Coping mechanisms vs burden-comparison between groups A and B

The data were further analysed with the unpaired t test to examine these factors more closely (Table 6). The significant results here were similar for the following.

Table 6
Coping versus burden (comparison between groups)

In group B, when caring for patients with transient to mild symptoms or impairment in functioning, those who reported a higher burden (>80) were using emotion-focused mechanisms of coping such as fatalism to a greater extent while caregivers with a lower burden score (<80) were using more problem-focused mechanisms of coping such as problem-solving.

In group A, when caring for patients with moderate to severe symptoms or impairment in functioning, use of emotion-focused mechanisms of coping such as fatalism and passivity to a greater extent was associated with a higher burden whereas caregivers who reported a lower burden were using more problem-focused mechanisms of coping such as problem-solving and expressive-action.

Thus, in patients who had transient to mild impairment in functioning, the burden experienced by caregivers did not vary much with the coping mechanisms used. However, in patients who had moderate to severe impairment in functioning, the burden was reduced significantly with the use of adaptive problem-focused coping mechanisms of expressive-action and problem-solving.

These findings are similar to those which suggest that burden of care is more dependent on the caregivers' appraisal of the situation.13,14 The findings of this study are not in complete agreement with Budd et al. who showed that the avoidance of maladaptive coping styles per se rather than the use of adaptive coping styles relates to decreased caregiver burden.28 The stress-coping theory of Lazarus and Folkman11 provides an intra-individual perspective of stress and explains how the reappraisal of patients' behaviour reshapes the coping situation into a more satisfying experience.29,30

This study also found that there was a significant positive correlation between the use of problem-solving coping and the level of functioning. This is a corollary to the finding of Chandrasekharan et al. who showed that the use of resignation as a coping style can adversely affect the patient as well as the clinical and social outcome of the illness.17 It would be worthwhile to examine cause–effect relationship between them. Possibly, a problem-solving approach by the caregiver could positively influence the patient's level of motivation leading to better socio-occupational functioning.

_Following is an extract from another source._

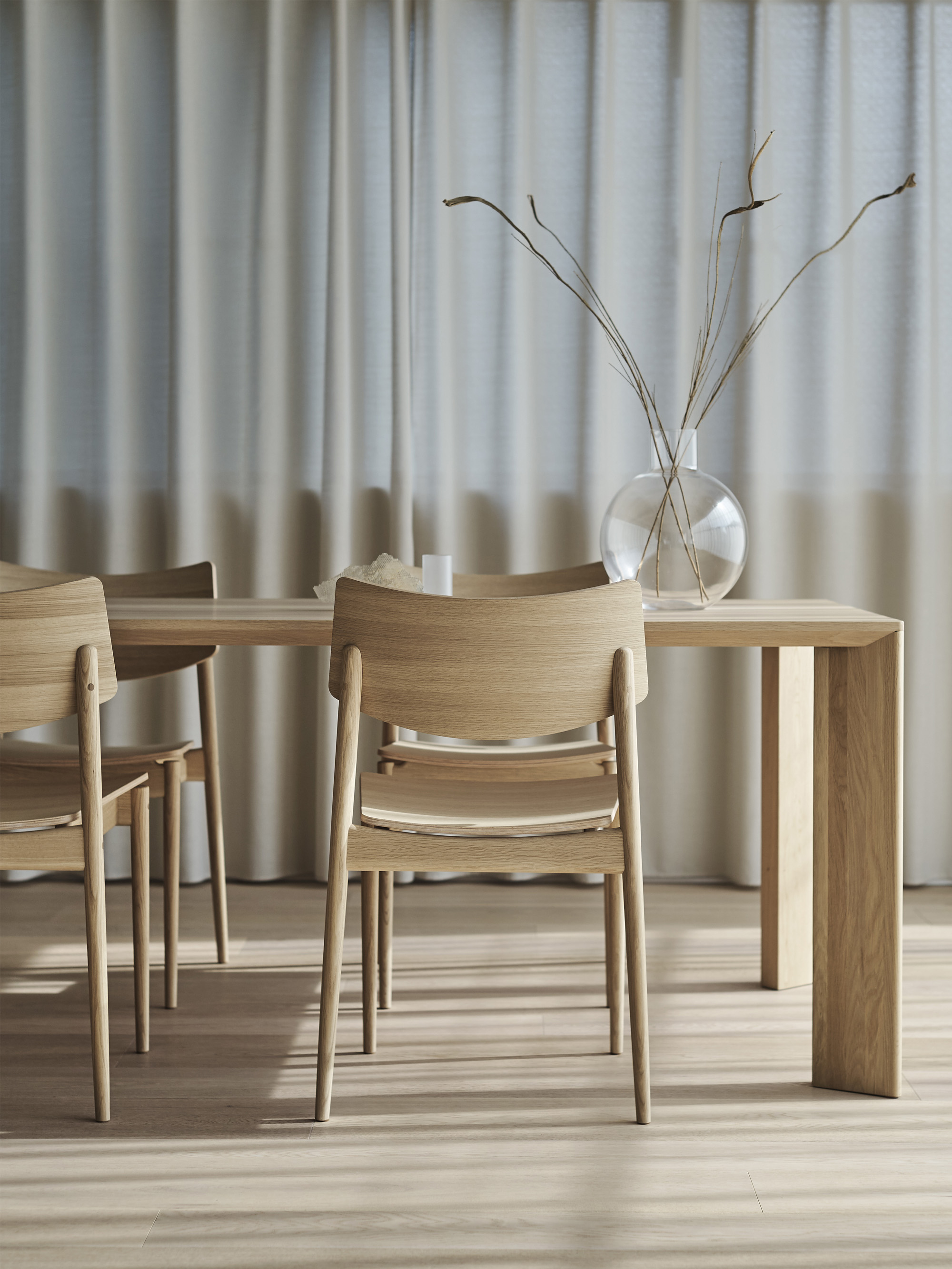 61943 3cfbd0dee4 A Dc01 Dining Chair In Situ Portrait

While this was a cross-sectional study, a prospective study would throw more light on the pattern of interaction between the factors studied. The caregivers were not screened for any psychopathology and there was a lack of literature for comparison with the study.

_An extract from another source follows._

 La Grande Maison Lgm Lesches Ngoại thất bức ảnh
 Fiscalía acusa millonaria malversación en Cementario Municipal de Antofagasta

The implications of this study are that it will help us understand the burden of illness and coping styles used in India by caregivers of patients with a chronic mental illness such as schizophrenia, particularly in a non-institutionalized setting. Recent work at the University of California San Francisco (UCSF) Coping Project found that while caregivers do experience distress and depression, they also experience positive feelings. Family members often benefit from education about the illness, its treatment and family counselling that provides emotional support and practical advice on how to manage the patient's behaviour thereby minimizing the stress of caregiving.31

In the era of community mental health, it would help develop community-specific programmes to target caregivers for psychosocial intervention which would teach them to focus on the positive feelings they experience in association with the caregiving role and sustain this positive well-being with problem-focused mechanisms of coping. This could diminish the burden of illness felt by them, prevent ‘role overload’ and help them appreciate the ‘brief human moments’ that make caregiving worthwhile.